Thursday, May 9, 2013

T-Shirt Travels and Environmental Justice



Shantha Bloemen’s T-Shirt Travels explores recycled clothing as another aspect of the clothing industry. Although recycling t-shirts seems like a positive environmental step to take and a safe alternative to expanding landfills, T-Shirt Travels reveals some of the negative economic, social, and environmental consequences of clothing recycling as it documents an African study of the history of a t-shirt as viewed by a volunteer working in a Zambian village. Where did all these clothes come from? According to the film, in the U.S., t-shirts and other clothing go to Goodwill, the Salvation Army, and other charities where 95% of them are not unpacked. Instead, they are sold to distributors, who, once free trade opened, ship them to Africa where sellers buy bales at 10-15 cents to the pound and take them to factories. The largest export from the U.S. is used clothing.



This process explains why there are no new clothes in Zambia. In 1991, when the country’s markets were opened to free trade, clothes began arriving in Zambia by the container load, so local clothing factories went out of business. Zambia was colonized by companies that forced locals to work on colonial plantations and mines, driving citizens to famine. These colonizers built economies outside the African continent, so Zambia did not gain any of the financial benefits from the exploitation of their valuable commodities. Every American t-shirt has become a metaphor for Africa’s dilemma: Who will be left to make good on the debt? According to T-Shirt Travels, globalization has exacerbated disparities between rich and poor and encouraged economic and environmental injustices that may destroy a country and its people, the film asserts.

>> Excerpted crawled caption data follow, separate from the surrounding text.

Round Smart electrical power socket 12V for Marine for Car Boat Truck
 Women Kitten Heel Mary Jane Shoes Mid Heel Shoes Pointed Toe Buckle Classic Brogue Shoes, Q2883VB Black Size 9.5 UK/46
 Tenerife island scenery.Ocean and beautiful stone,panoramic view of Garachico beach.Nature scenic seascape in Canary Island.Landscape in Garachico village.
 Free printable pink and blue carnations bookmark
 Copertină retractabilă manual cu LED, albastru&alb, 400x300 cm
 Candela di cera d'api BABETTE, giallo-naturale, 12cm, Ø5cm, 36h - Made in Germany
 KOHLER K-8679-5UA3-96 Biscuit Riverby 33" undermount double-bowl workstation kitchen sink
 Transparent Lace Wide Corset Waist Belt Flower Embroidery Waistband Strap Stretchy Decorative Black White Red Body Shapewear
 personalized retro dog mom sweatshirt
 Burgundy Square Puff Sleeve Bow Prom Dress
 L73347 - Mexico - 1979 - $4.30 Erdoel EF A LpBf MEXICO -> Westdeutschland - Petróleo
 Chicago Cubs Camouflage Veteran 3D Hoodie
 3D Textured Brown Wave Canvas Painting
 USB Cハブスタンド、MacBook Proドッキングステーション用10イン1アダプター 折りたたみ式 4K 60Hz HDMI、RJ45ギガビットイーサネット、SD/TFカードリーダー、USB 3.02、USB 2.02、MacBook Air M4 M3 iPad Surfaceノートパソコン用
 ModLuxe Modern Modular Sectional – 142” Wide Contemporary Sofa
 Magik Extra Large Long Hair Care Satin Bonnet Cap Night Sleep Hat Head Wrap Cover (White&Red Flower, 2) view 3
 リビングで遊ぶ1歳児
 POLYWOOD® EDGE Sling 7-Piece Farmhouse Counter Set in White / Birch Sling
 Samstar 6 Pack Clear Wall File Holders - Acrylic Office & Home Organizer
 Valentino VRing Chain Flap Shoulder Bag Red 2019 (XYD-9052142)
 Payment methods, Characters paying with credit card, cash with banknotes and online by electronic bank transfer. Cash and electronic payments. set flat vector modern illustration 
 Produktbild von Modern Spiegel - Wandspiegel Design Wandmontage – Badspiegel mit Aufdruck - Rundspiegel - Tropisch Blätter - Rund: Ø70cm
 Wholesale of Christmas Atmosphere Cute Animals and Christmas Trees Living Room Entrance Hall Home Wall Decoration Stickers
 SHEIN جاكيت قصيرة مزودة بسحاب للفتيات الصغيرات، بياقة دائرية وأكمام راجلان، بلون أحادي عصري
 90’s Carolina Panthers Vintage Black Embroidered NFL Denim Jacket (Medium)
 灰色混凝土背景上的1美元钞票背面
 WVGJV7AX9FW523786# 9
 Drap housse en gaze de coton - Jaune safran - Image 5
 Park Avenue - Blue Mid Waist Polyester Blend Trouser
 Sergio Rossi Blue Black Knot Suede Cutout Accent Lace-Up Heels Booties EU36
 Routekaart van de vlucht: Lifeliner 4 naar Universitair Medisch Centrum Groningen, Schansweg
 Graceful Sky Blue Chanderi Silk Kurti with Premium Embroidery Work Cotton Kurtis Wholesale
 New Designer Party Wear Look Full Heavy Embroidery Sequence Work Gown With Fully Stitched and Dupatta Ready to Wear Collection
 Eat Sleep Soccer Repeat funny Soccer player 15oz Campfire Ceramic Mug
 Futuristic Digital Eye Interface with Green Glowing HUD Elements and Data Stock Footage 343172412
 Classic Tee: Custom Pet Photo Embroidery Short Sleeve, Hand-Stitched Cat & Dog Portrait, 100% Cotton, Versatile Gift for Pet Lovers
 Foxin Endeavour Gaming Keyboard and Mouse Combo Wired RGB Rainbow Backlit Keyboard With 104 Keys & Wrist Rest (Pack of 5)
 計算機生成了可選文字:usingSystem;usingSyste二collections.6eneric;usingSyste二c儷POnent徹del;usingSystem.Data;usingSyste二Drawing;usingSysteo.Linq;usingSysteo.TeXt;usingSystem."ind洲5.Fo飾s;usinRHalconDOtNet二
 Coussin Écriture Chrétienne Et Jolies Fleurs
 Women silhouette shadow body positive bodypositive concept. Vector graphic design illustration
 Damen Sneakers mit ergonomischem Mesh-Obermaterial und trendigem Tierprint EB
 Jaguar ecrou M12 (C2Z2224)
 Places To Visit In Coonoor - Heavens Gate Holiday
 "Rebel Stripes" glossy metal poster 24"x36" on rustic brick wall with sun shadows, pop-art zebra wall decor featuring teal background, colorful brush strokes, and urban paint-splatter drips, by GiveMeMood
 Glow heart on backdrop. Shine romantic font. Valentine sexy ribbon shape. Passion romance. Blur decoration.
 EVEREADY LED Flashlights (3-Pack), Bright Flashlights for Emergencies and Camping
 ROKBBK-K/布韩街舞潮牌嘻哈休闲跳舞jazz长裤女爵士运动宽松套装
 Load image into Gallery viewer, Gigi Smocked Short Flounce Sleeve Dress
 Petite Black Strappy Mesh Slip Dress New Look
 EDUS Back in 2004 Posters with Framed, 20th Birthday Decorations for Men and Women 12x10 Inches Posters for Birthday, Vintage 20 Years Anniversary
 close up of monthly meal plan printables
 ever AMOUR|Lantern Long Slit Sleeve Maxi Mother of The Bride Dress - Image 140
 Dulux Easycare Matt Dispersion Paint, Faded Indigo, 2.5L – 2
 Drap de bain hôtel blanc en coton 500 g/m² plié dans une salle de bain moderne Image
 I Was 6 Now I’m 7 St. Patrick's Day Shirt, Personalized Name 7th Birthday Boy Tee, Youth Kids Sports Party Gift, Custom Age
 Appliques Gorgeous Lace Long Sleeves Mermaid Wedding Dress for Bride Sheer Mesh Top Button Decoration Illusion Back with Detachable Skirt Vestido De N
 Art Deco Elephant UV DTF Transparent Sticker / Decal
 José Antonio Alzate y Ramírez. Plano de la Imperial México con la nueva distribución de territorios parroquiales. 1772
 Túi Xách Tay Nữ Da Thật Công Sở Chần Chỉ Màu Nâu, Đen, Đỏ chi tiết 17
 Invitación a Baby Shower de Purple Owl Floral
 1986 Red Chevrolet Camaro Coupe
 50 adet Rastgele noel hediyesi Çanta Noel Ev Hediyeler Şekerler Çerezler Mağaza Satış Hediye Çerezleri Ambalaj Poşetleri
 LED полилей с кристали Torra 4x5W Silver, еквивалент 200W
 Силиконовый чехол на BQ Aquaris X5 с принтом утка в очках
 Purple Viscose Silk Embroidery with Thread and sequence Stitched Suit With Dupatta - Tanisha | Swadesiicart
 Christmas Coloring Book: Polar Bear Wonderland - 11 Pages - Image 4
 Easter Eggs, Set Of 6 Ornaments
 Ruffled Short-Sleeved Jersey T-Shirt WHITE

Most would agree that fashion is fun, and “fast fashion,” clothing available at such a low price that consumers may see it as “disposable,” has become the norm, especially for young women. As Luz Claudio explains, fueled by fashion magazines, “disposable couture appears in shopping mall after shopping mall in America and Europe at prices that make purchase tempting and disposal painless.” With clothing production and disposal, however, come environmental costs, “with each step of the clothing life cycle generating potential environmental and occupational hazards” (Claudio). Polyester, a widely used petroleum fiber, requires intensive energy and crude oil amounts during the manufacturing process, in which “emissions including volatile organic compounds, particulate matter, and acid gases such as hydrogen chloride” and wastewater that includes volatile monomers, solvents, and other by-products are emitted.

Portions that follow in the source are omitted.